Where West Ham look to utilise a double pivot in midfield, Kamara provides great flexibility in how they wish to set up with his strength defensively - and in possession, could provide greater control of the game pace. The disadvantage over Soucek is the loss of a goal threat (xG 0.65, per 90 < 4.02) with Kamara significantly less consistent in his accuracy too (16.67% < 28.57%). Additionally, in open play and at set pieces a key figure would be lost aerially with Soucek engaging consistently to aerial duels (8.44 per, 90), therefore would require both in a Rice/Kamara partnership to engage aerially more (Kamara: 3.01 per, 90, Rice: 2.3 per, 90). Whilst this would require a change in their involvement aerially, there is encouragement with both successful with above average win rates (Kamara: 59.18% and Rice: 49.09%).
Kamara would provide the defence with an outlet who is comfortable in tight spaces and able to withstand the opposition press, much like Declan Rice. This ability would provide assurances against the opposition press to retain possession. Furthermore, his mobility enables a consistent passing option to the player in possession, drawing the opposition to press and creating spaces to exploit. The attack would also benefit from Kamara’s desire to progress play positively in the final third, consistently probing the opposition for weaknesses.
Defensively West Ham United midfielders Rice and Soucek are strong and largely above the average across the defensive metrics. Kamara's signing would significantly help West Ham United to ensure high standards are continued when there is rotation, injuries, or suspensions. The extra defensive solidity would improve West Ham United’s robustness against the likes of Manchester City and Chelsea particularly in central areas.
Kamara is a strong, all-round midfielder who provides great flexibility tactically as he is comfortable operating in multiple roles. This would certainly suit a squad where there is a requirement for players to function not only in multiple roles, but also in different positions too. Interest is very strong in Kamara especially with him available on a free in the summer, and January could be the best time to move to get ahead of the competition which will be fierce.

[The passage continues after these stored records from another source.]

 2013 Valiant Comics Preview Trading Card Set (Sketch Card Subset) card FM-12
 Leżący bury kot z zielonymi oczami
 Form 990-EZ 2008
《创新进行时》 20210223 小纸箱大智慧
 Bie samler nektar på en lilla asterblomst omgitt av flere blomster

The ability to not only provide a defensive screen but to offer a dynamic orchestrator in possession makes Kamara a promising prospect and key midfield contributor. An area, which if improved would elevate Kamara to another dimension, would be improving his influence to the attack. In particular, this would be in the final contributions providing more shooting opportunities and being a goal threat.

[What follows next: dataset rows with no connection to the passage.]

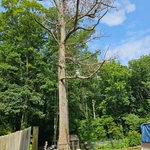 Removing tree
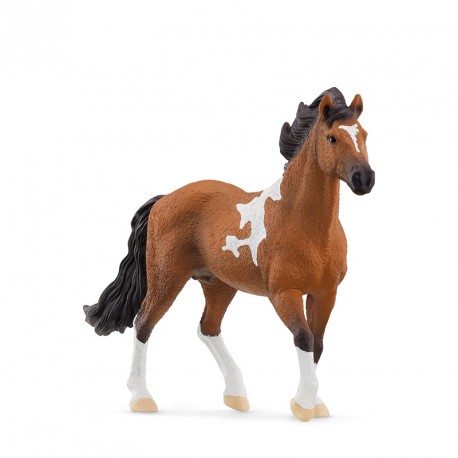 FIGURA SEMENTAL MANGALARGA MARCHADOR 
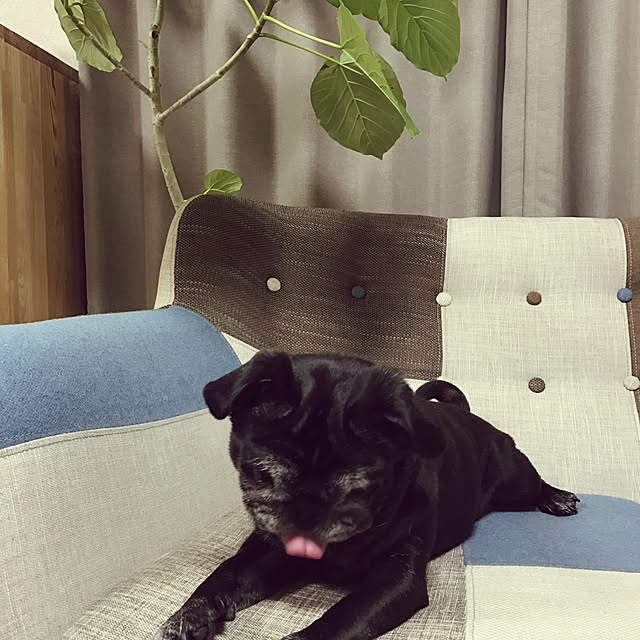 megchoco28さんの実例写真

He relies on his passing ability in possession which enables him to dictate the pace of the game, but if he could increase his carries and success there is an opportunity to create overloads on the defence. Kamara’s strength and ability to operate in a highly-demanding style at Olympique Marseille would likely see him well suited to the English Premier League. Should he arrive in England there would be a period of adjustment, but he is an intelligent operator and strong enough mentally to adjust.